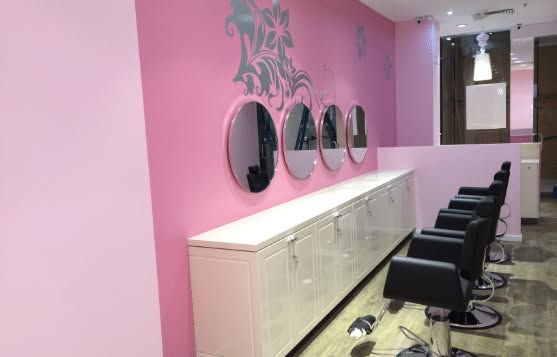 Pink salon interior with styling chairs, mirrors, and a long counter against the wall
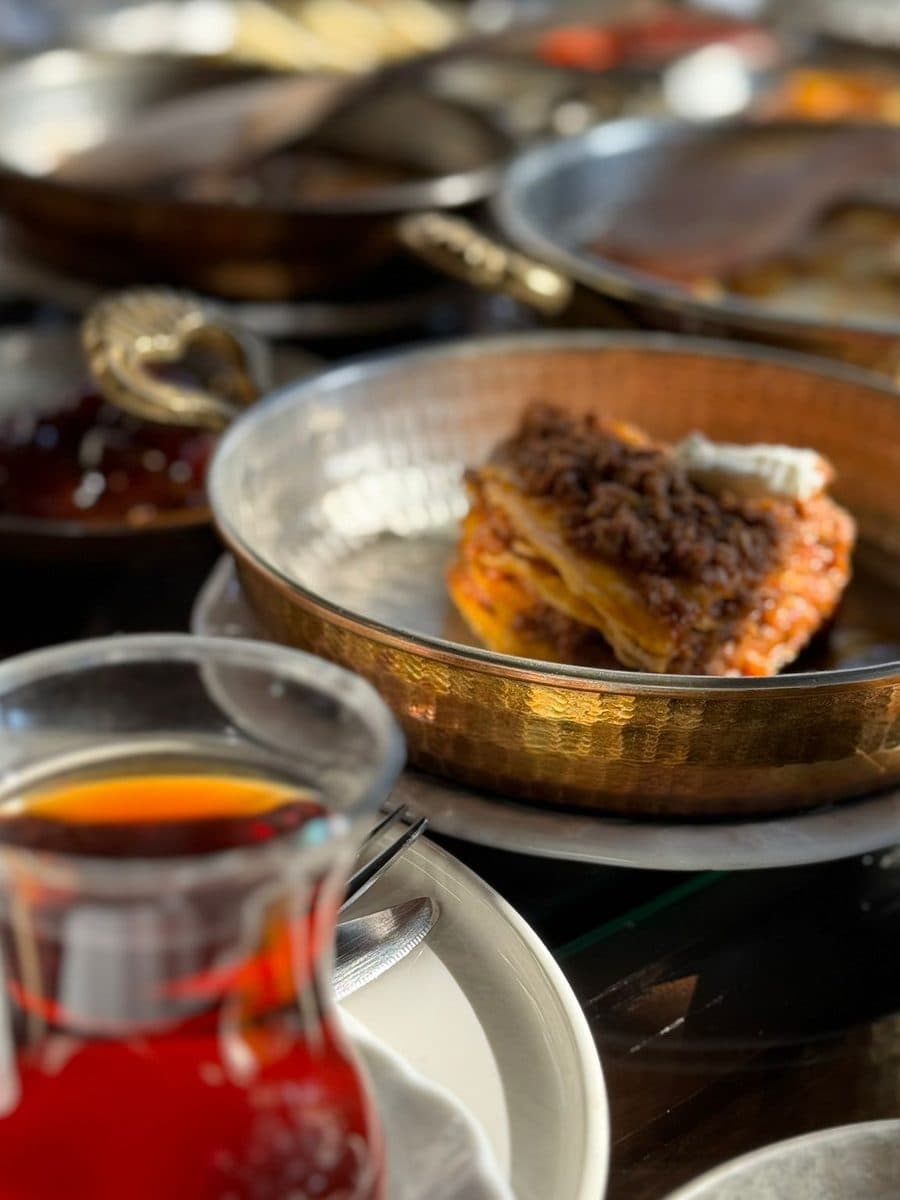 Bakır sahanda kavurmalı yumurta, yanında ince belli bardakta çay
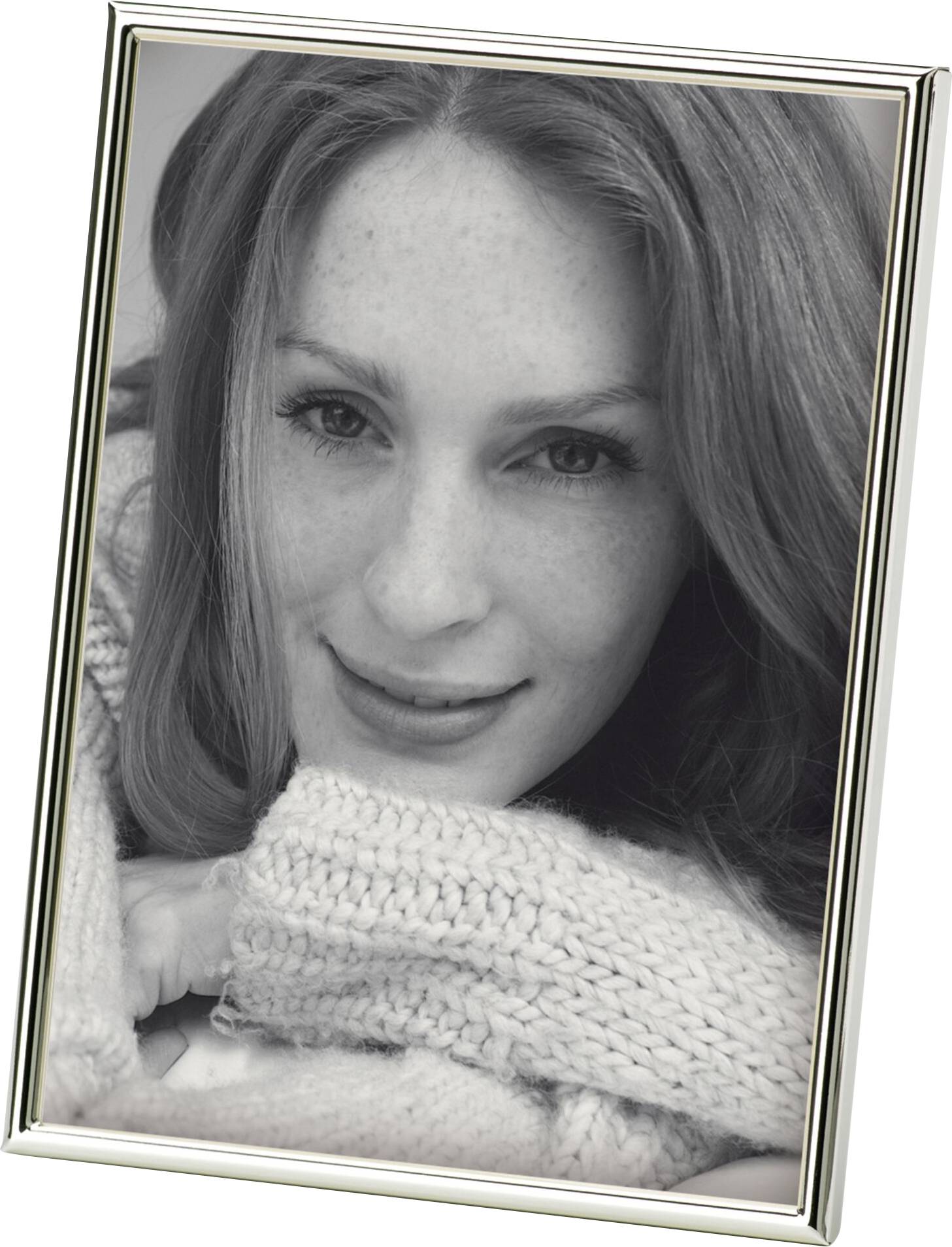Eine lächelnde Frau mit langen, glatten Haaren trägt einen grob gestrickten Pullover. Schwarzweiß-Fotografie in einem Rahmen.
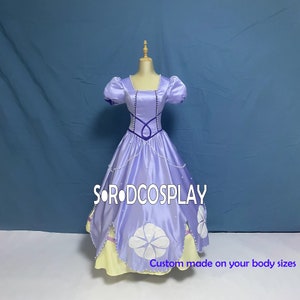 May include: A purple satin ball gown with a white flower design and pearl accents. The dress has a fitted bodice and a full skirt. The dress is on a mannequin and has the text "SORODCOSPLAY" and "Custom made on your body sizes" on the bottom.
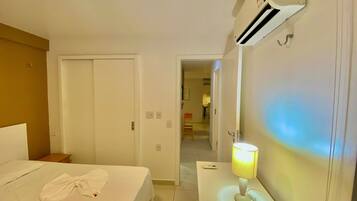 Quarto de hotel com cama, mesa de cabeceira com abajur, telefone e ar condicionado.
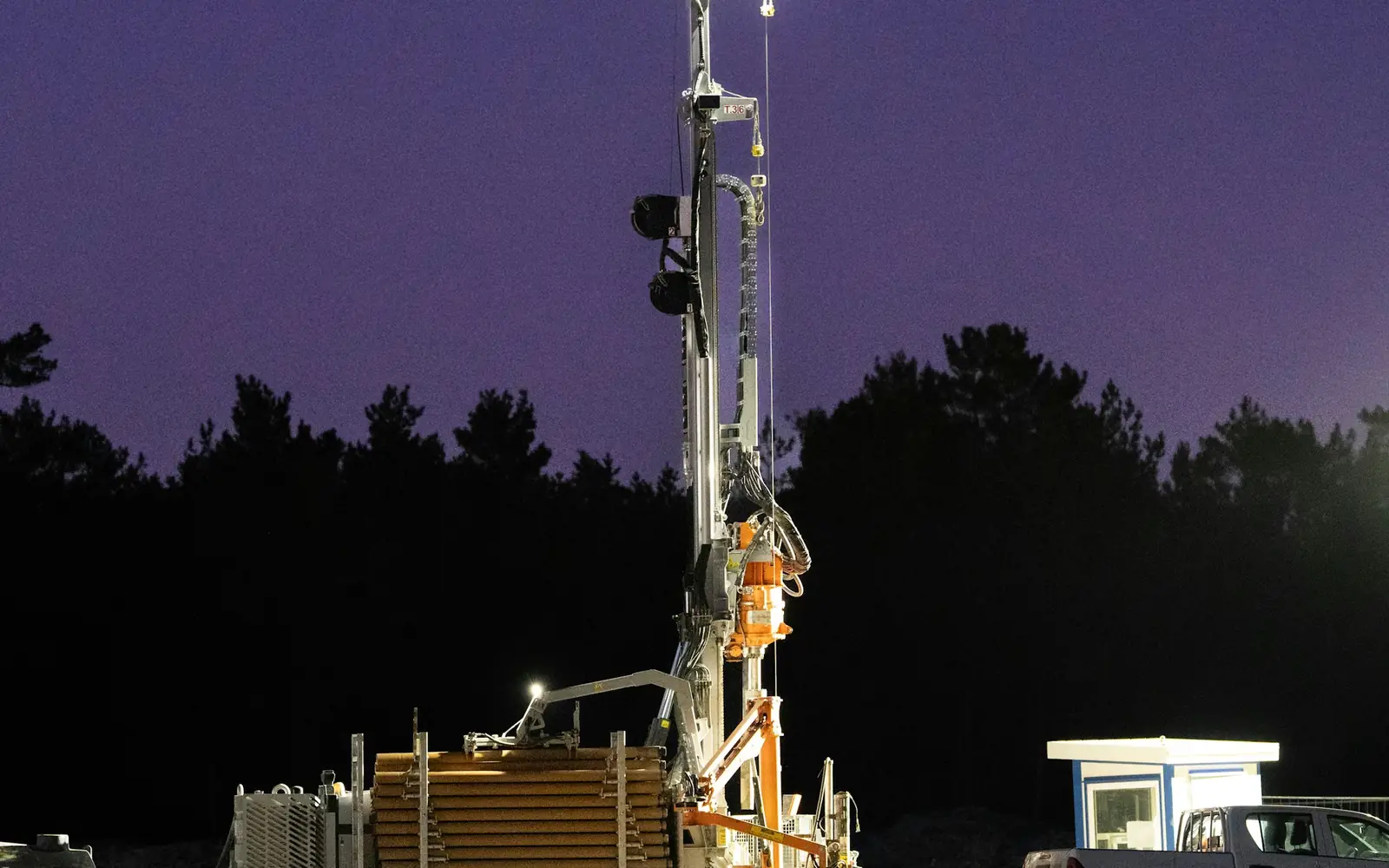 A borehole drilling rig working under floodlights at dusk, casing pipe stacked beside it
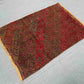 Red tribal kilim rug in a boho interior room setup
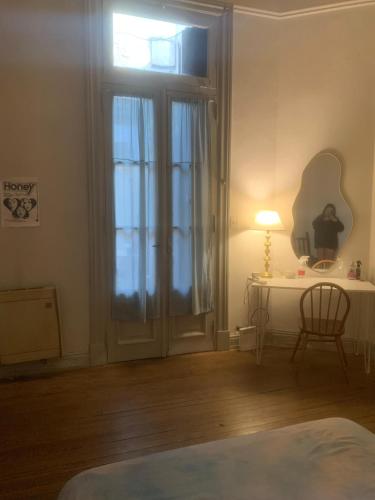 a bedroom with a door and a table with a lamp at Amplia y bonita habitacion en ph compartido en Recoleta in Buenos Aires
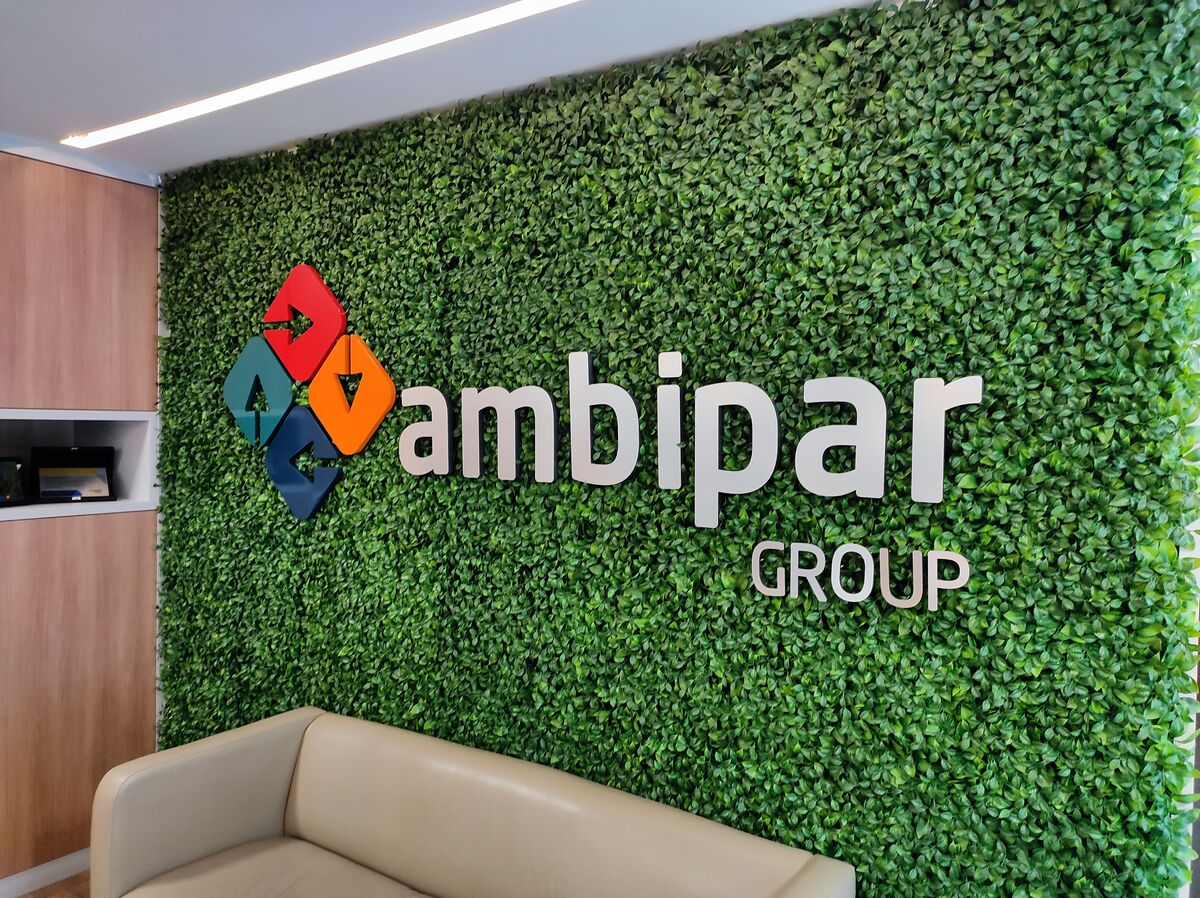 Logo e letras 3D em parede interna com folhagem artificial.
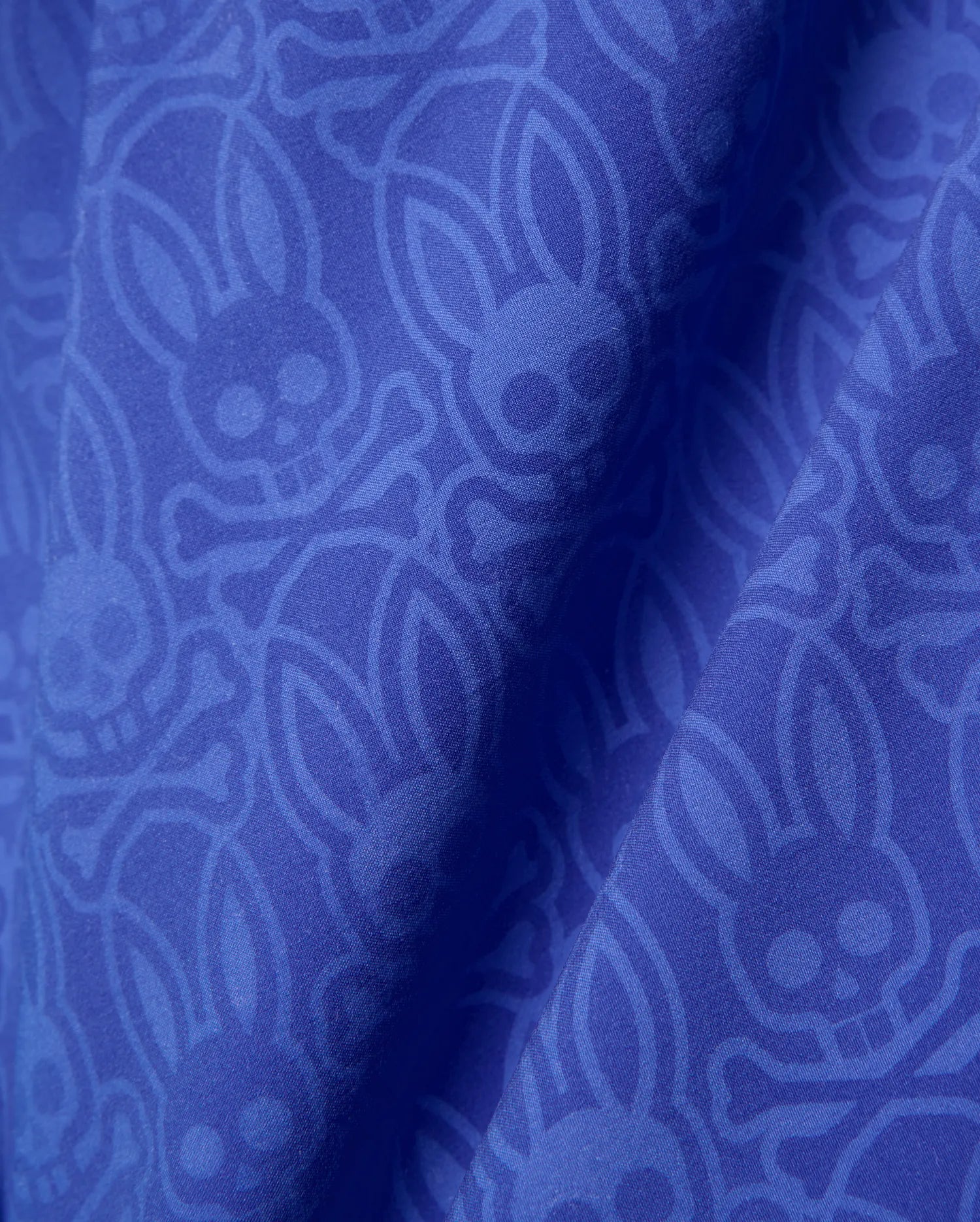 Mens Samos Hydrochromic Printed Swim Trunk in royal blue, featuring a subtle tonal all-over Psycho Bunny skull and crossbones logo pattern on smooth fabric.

=-=-=-=-=

> Action item: An acceptable answer holds exactly the lines from the one with "May include: A" through the end of the entries above, both ends kept, and no pictures at all.

> Exercise output:
 May include: A purple satin ball gown with a white flower design and pearl accents. The dress has a fitted bodice and a full skirt. The dress is on a mannequin and has the text "SORODCOSPLAY" and "Custom made on your body sizes" on the bottom.
 Quarto de hotel com cama, mesa de cabeceira com abajur, telefone e ar condicionado.
 A borehole drilling rig working under floodlights at dusk, casing pipe stacked beside it
 Red tribal kilim rug in a boho interior room setup
 a bedroom with a door and a table with a lamp at Amplia y bonita habitacion en ph compartido en Recoleta in Buenos Aires
 Logo e letras 3D em parede interna com folhagem artificial.
 Mens Samos Hydrochromic Printed Swim Trunk in royal blue, featuring a subtle tonal all-over Psycho Bunny skull and crossbones logo pattern on smooth fabric.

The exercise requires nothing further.